PROBLEM STATEMENT: Copy out all of the lines below exactly; the pictures do not belong in the copy.

PROVIDED MATERIAL:
════════

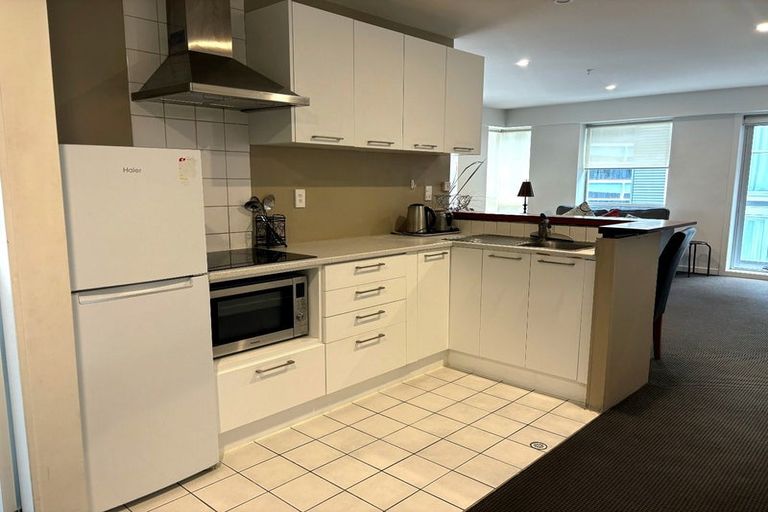 Photo of property in Terrace Heights Apartments, 3d/163 The Terrace, Wellington Central, Wellington, 6011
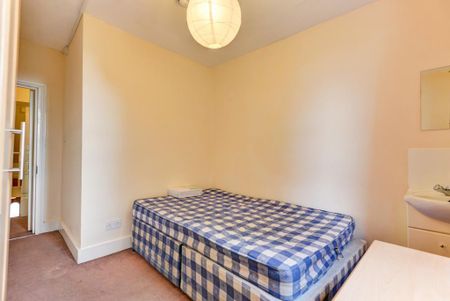 6 bedroom house to rent - Photo 4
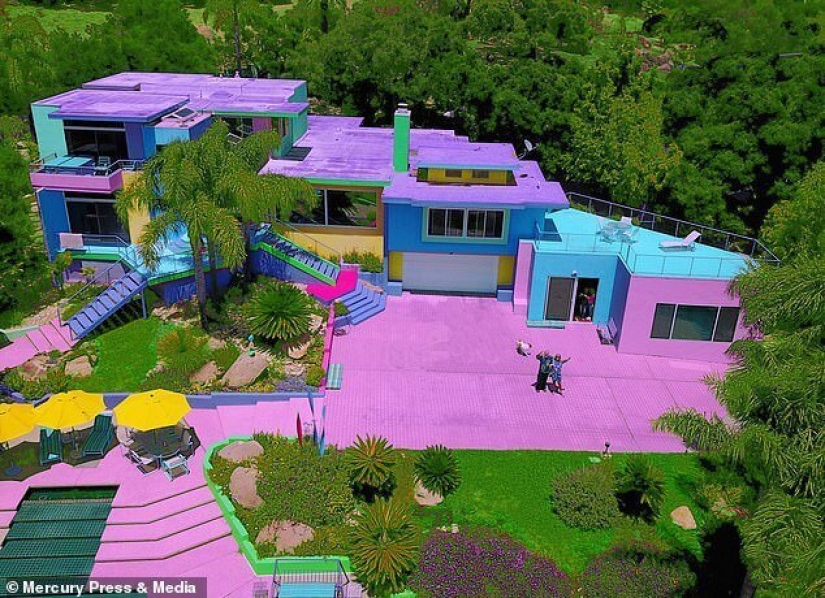 The artist spends thousands of dollars to make her house bright, but the neighbors are not happy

════════

FINISHED EXERCISE:
 Photo of property in Terrace Heights Apartments, 3d/163 The Terrace, Wellington Central, Wellington, 6011
 6 bedroom house to rent - Photo 4
 The artist spends thousands of dollars to make her house bright, but the neighbors are not happy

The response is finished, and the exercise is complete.